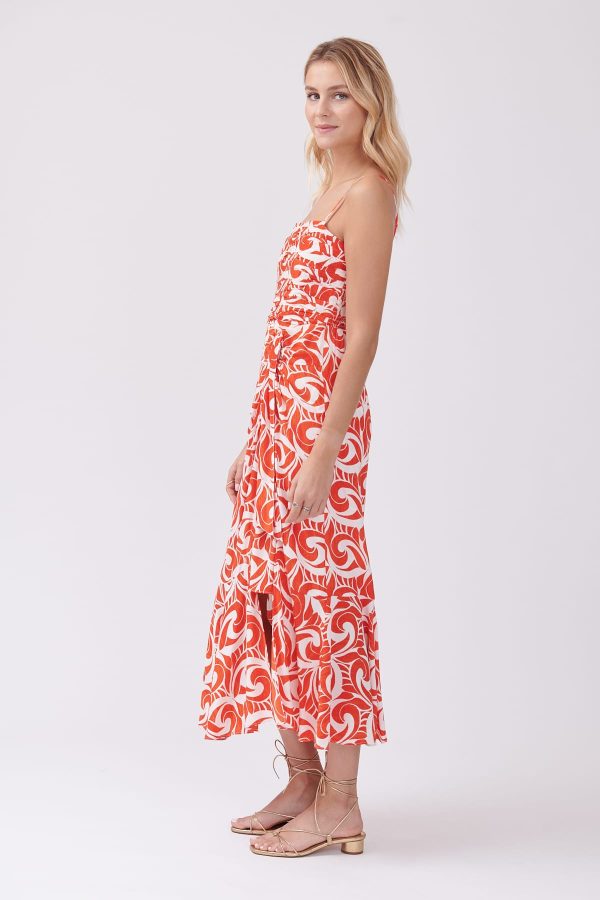 Robe longue imprimée et drappée à bretelles TOURCOING - Image 3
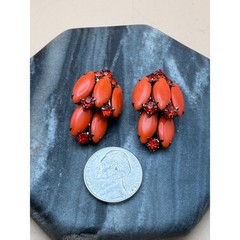 Vintage Orange Cabochon Red Rhinestone Cluster Clip On Earrings MCM Retro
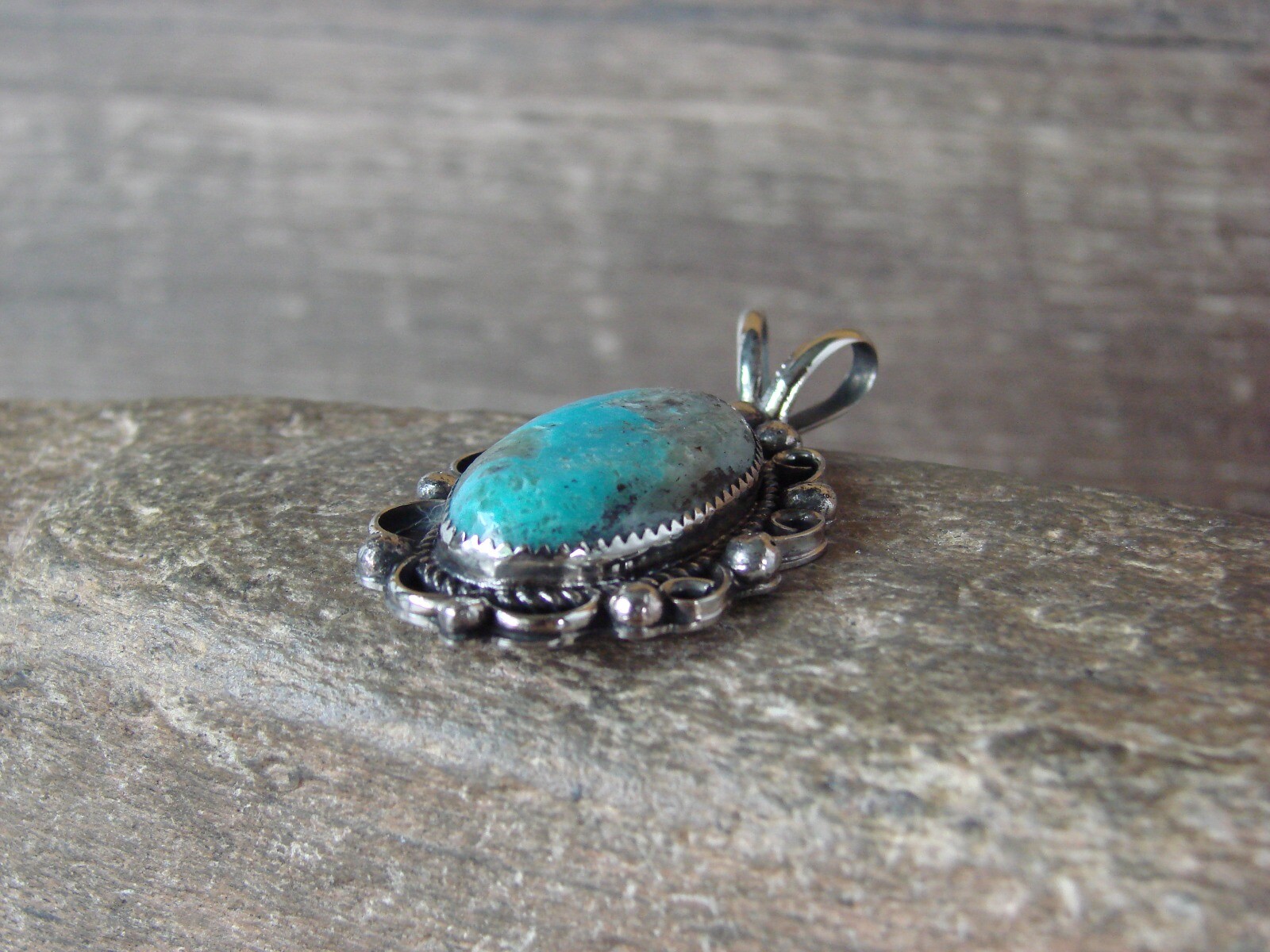 Navajo Indian Nickel Silver Turquoise Pendant Signed Jackie Cleveland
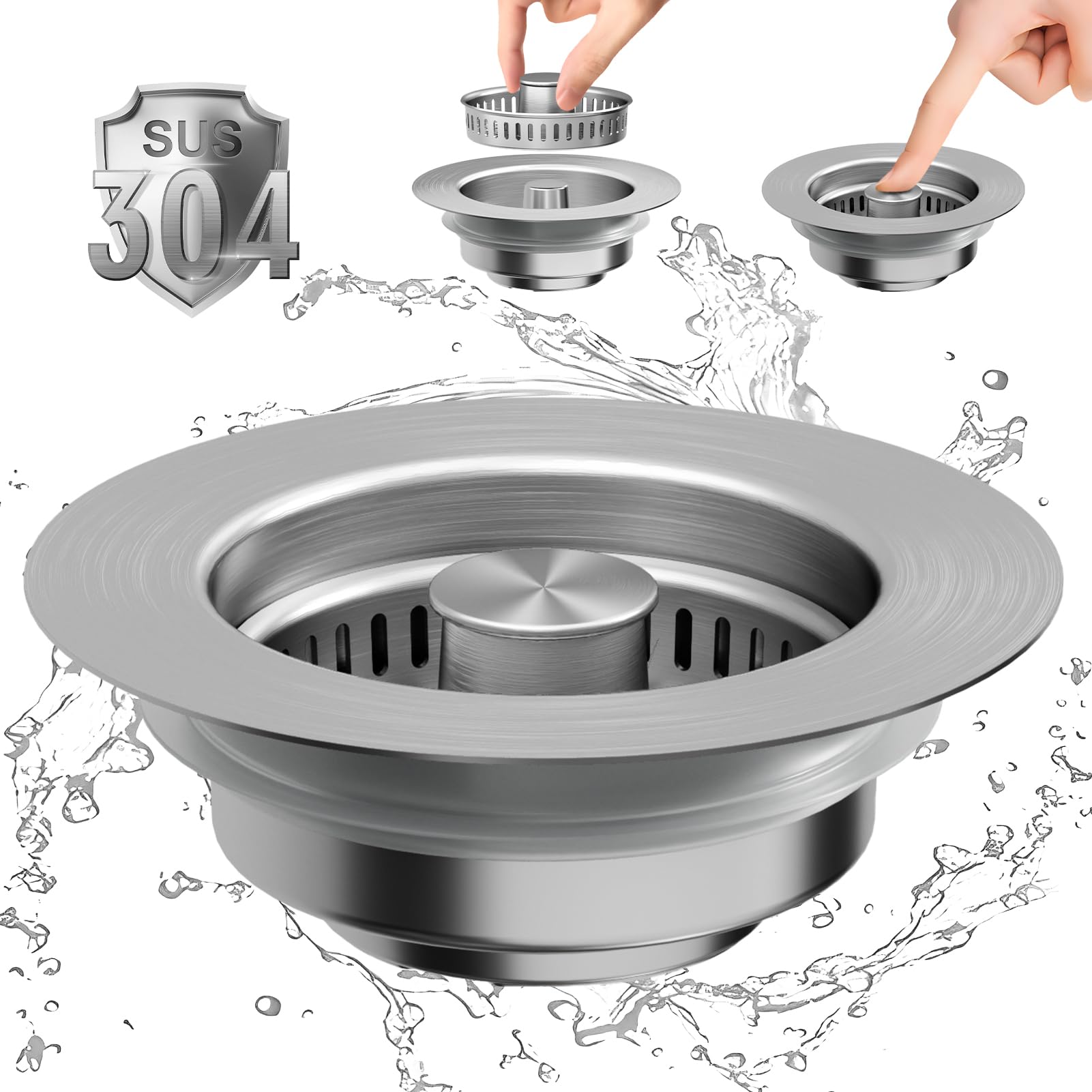 Upgraded 3 in 1 Kitchen Sink Drain Strainer - Stainless Steel Pop Up Sink Stopper, Anti-Clogging Sink Basket, Fast Drainage Kitchen Sink Plug for US Standard 3-1/2 Inch Drain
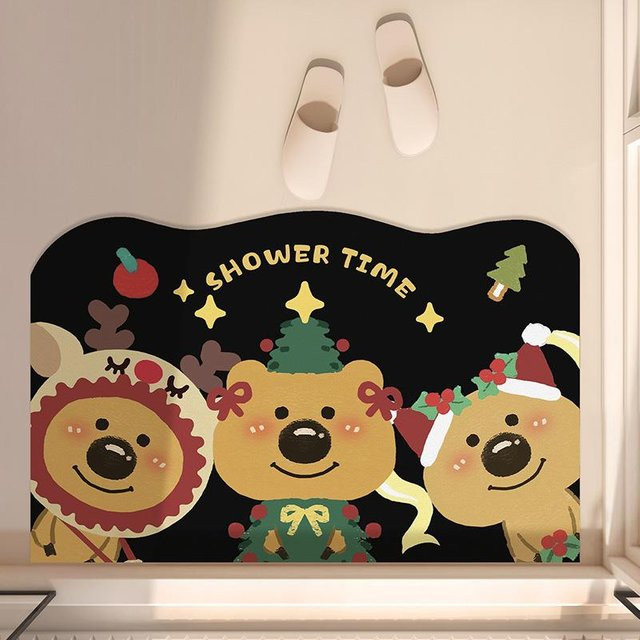 Yiran Furniture Badezimmer Fußmatte Drei Kleine Bären mit Weihnachtsdesign, Saugfähige Diatomeenerde Bodenmatte, Mehrfarbig, B/B: 50 x 80 cm - Bild 1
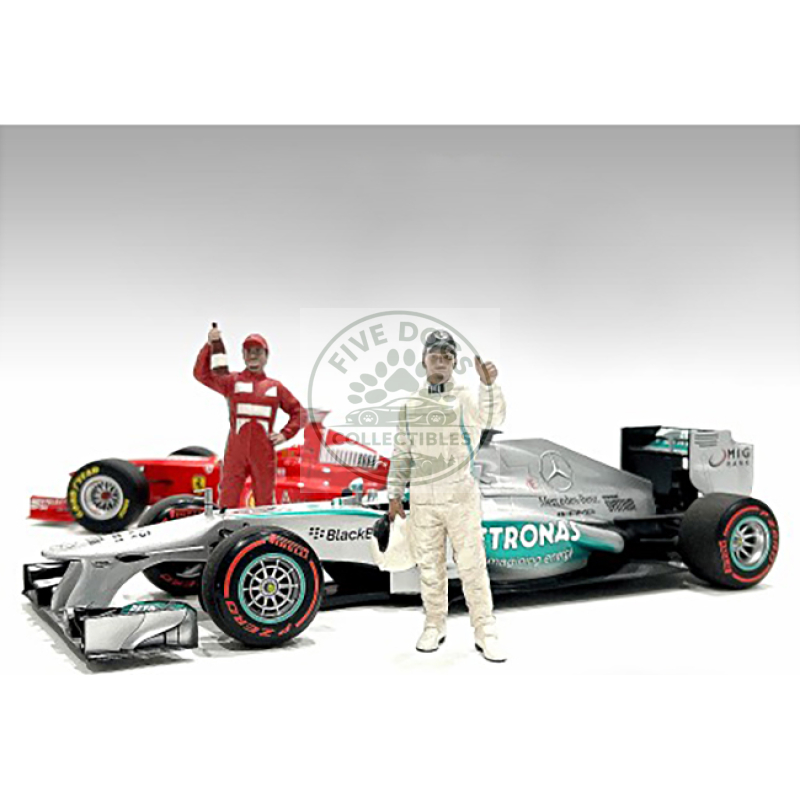 "racing legends" 2000's set of 2 diecast figures for 1/43 scale models by american diorama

_EXERCISE INSTRUCTIONS_:
Retype each entry exactly. No pictures.

_TASK OUTPUT_:
 Robe longue imprimée et drappée à bretelles TOURCOING - Image 3
 Vintage Orange Cabochon Red Rhinestone Cluster Clip On Earrings MCM Retro
 Navajo Indian Nickel Silver Turquoise Pendant Signed Jackie Cleveland
 Upgraded 3 in 1 Kitchen Sink Drain Strainer - Stainless Steel Pop Up Sink Stopper, Anti-Clogging Sink Basket, Fast Drainage Kitchen Sink Plug for US Standard 3-1/2 Inch Drain
 Yiran Furniture Badezimmer Fußmatte Drei Kleine Bären mit Weihnachtsdesign, Saugfähige Diatomeenerde Bodenmatte, Mehrfarbig, B/B: 50 x 80 cm - Bild 1
 "racing legends" 2000's set of 2 diecast figures for 1/43 scale models by american diorama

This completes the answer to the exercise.